Given data:
-*-

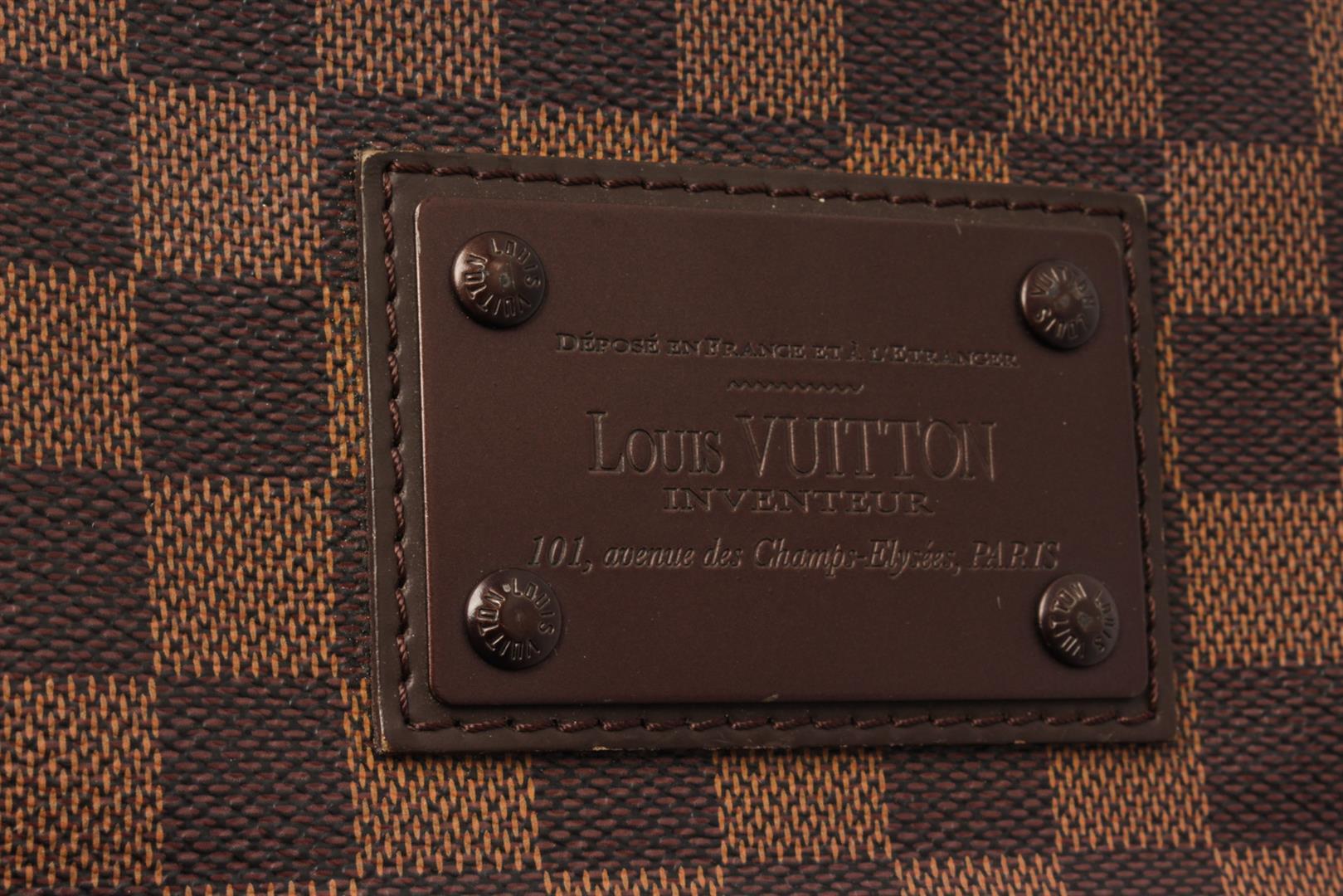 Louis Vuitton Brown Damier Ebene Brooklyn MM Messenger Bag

-*-

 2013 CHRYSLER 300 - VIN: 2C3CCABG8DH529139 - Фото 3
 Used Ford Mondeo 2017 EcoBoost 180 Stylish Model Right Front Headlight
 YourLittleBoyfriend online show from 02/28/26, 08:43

-*-

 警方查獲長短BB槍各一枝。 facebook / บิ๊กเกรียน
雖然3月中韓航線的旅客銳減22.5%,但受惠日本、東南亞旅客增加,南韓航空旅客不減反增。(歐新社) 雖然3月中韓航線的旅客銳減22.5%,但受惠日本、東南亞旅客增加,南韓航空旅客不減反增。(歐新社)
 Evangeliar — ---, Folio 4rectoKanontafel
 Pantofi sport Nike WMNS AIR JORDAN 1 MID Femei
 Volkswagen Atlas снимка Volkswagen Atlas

-*-

Exercise instructions: Print, from the entries above, the line with "Pantofi sport Nike", the line with "Volkswagen Atlas снимка Volkswagen Atlas" and all lines between them, exactly and with nothing else.

Answer below:
 Pantofi sport Nike WMNS AIR JORDAN 1 MID Femei
 Volkswagen Atlas снимка Volkswagen Atlas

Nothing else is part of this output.